Finally, the fourth group are the Caspian basin countries in the north of Iran. With respect to these countries, it is interesting to talk about the good relations between Iran and the Shia regime and Armenia Christian country, but there is a difficult relationship between Shia Iran, Shia Azerbaijan, and so on. For the Iranians, it means that their foreign policy is, to some extent, based on the pragmatic, realistic evaluation of the situation.

Inside this larger group we have Afghanistan and Pakistan. Afghanistan is the country that Iran has developed a lot of interest and influence in.
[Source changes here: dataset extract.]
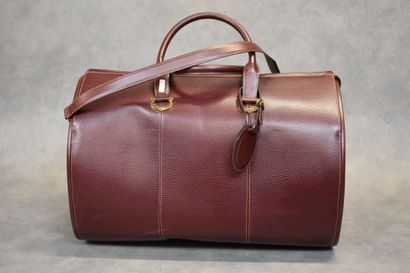 CARTIER. Grand sac de voyage en cuir grainé...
Pakistan is a more problematic country for Iran. Beside the relationship that is apparently cordial between Tehran and Islamabad, there are serious problems in the region of Balochistan between the two countries.

Maybe I will share a word on Israel, too, since this country is important in the region. We know what is going on in terms of the Israeli government's posturing related to Iran, but we have to keep in mind that, in my view, contrary to what some people in Israel believe, the Iranian leadership is not crazy. They are not suicidal, but they are very fine calculators. It does not mean that their calculation is always good, but they are able to put their finger where they should and they provoke, as they do constantly, including in the current situation.

Next, a word about Iran's domestic, political and human rights situation. I am not going to detail what you already know about the Iranian human rights record. As Canadians, we all know what we are doing ourselves in that regard. I believe my colleagues will also talk about that.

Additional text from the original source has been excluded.